Material supplied:
------------------------------------
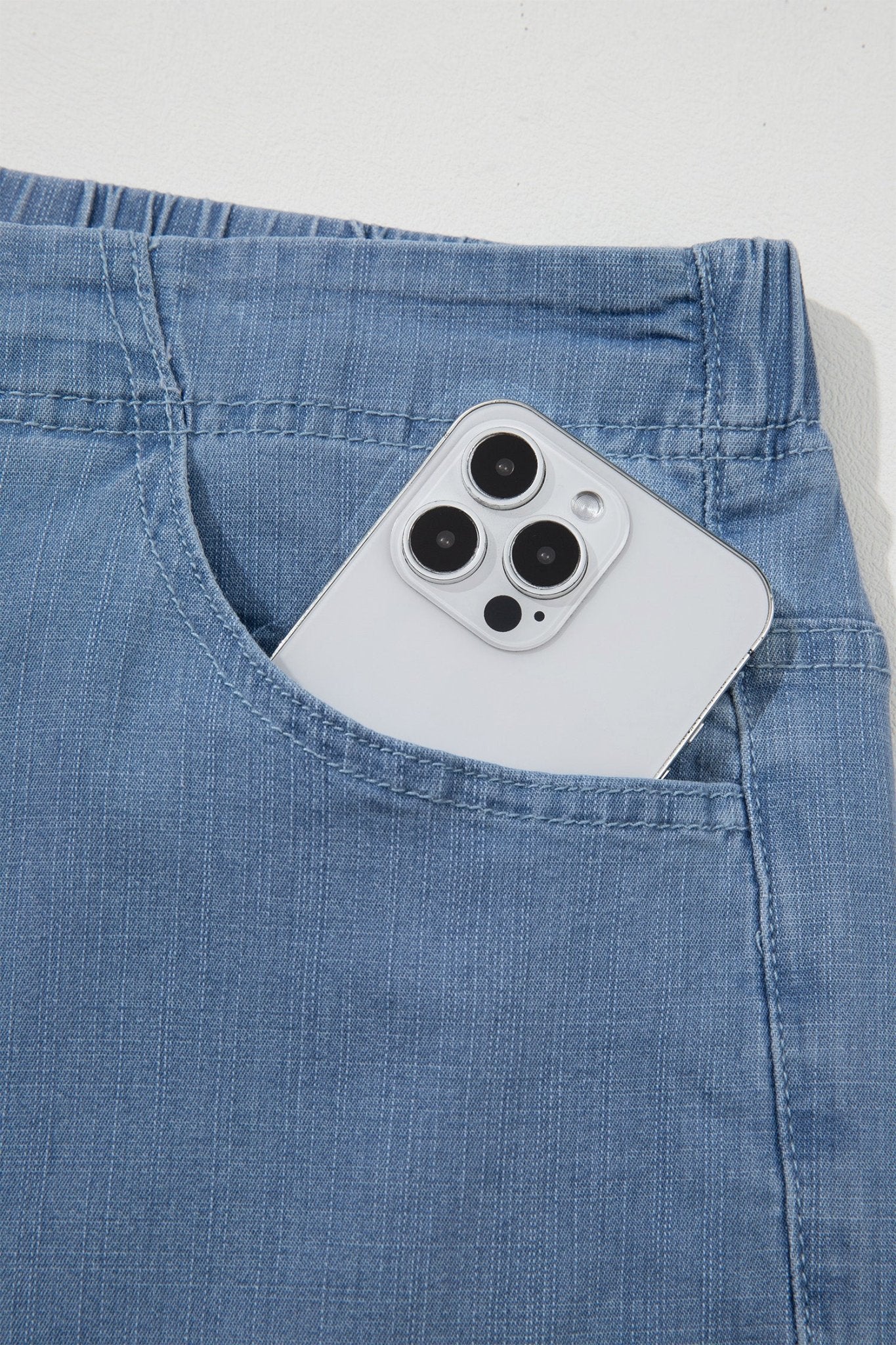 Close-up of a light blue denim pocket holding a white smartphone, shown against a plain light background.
------------------------------------
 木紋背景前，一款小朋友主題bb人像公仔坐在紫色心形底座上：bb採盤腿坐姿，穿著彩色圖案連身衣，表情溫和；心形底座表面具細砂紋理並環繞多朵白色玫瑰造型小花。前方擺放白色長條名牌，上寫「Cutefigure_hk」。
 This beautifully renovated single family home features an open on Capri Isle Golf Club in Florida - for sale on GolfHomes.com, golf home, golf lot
------------------------------------
Brief: Set down, from the entries above, exactly the lines from the one with "木紋背景前，一款小朋友主題b" up to and including the one with "This beautifully renovated", and no other lines.

Task response:
 木紋背景前，一款小朋友主題bb人像公仔坐在紫色心形底座上：bb採盤腿坐姿，穿著彩色圖案連身衣，表情溫和；心形底座表面具細砂紋理並環繞多朵白色玫瑰造型小花。前方擺放白色長條名牌，上寫「Cutefigure_hk」。
 This beautifully renovated single family home features an open on Capri Isle Golf Club in Florida - for sale on GolfHomes.com, golf home, golf lot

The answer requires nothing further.